APPELLANTS SUBMISSIONS

(20) Counsel for the appellant rehashed the background to the dispute between the parties culminating into the impugned consent dated 2nd October 1996 and the ruling of the court the subject of this appeal. The appellant submitted that the consent recorded on 2nd October 1996 was procured through fraud of the respondents who acted in concert with a few shareholders of the appellant company including a one Ms Bibiana Nyawira; that to perpetrate the fraud, the said Ms Bibiana Nyawira, Mr. Mathew Mungai and Mr. Kingori Muraguri purported to pass a company resolution through which they terminated the instructions of Mureithi & Co. Advocates and appointed the firm of Muthuri & Co. Advocates to act for the appellant company; that at the time the said Ms Bibiana Nyawira purported to appoint the firm of Muthuri & Co. Advocates, she was not a director of the appellant company; that Mr. Simon Kimani (5th respondent) filed annual returns for the company in which it was clear Ms Bibiana Nyawira was no longer a director of the company; that upon filing of the annual returns, the said Ms Bibiana Nyawira engineered arrest, prosecution and arraignment of Mr. Kimani and others before the Chief Magistrate where they were charged with forgery of company returns but were acquitted; that acquittal by the Chief Magistrate is proof that the returns as filed by Mr. Kimani were not forgeries.

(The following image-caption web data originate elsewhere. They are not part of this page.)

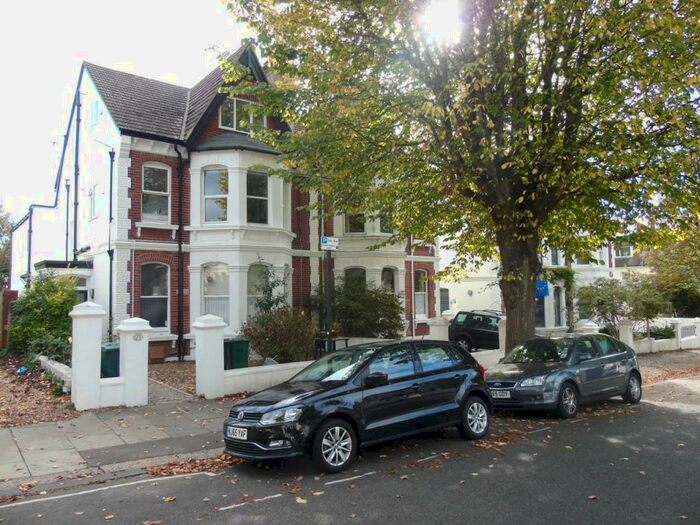 1 Bedroom Flat To Rent In Hove Park Villas, Hove, BN3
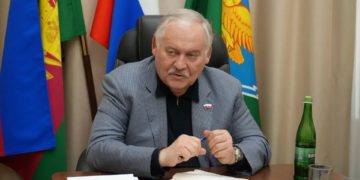 Константин Затулин провел личный прием граждан в Апшеронском районе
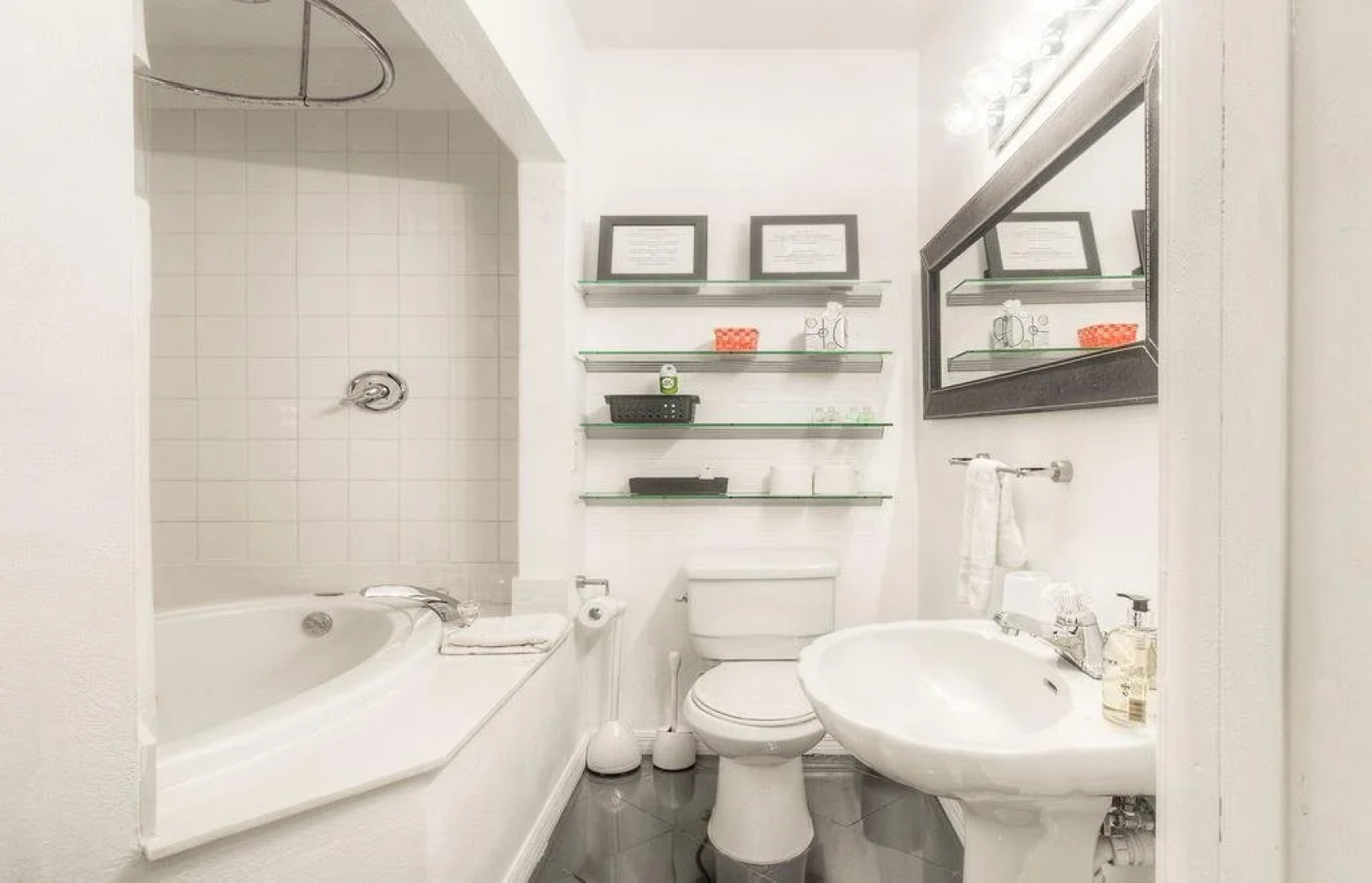 PGA Village 7 Room Golf Resort Villa by American Vacation Living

(21)   In this appeal, the appellant contends that the learned judge erred in holding that the returns filed at the company registry were false; the judge also erred in relying on the affidavit of Ms Bibiana Nyawira to hold that the returns were false; the judge erred in finding Ms Bibiana Nyawira was a director of the appellant company with authority to instruct the firm of Muthuri & Co. Advocates. The appellant submitted that based on the acquittal, the consent order entered into by Muthuri & Co. Advocates was null and void for want of instruction from the duly appoint directors of the appellant company.

(22)   Submitting on the validity of the consent order recorded on 2nd October 1996, the appellant cited the case of Samson Munikah vs. Webunde Estates Limited, Civil Appeal No. 126 of 2005. Counsel submitted that it is only the Board of Directors of a company or the majority shareholders who can appoint an advocate; that in the instant case, the appellant company had allotted 127 shares with Mr. Simon Kimani having 100 shares and Ms. Bibiana Nyawira and Mathew Mungai who purported to appoint Mr. Muthuri & Co. Advocates having one share each. It was urged that Ms. Bibiana Nyawira being minority shareholders had no capacity in law to appoint an advocate to represent the appellant company. In support thereof, the appellant cited the cases of Marshalls Valve Gear Co. Limited Manning Wardle & Co. Limited (1909) 1 Ch 267 and Canvas Manufacturers Limited vs. S. J. Silcock Nairobi HCCC No. 721 of 1994.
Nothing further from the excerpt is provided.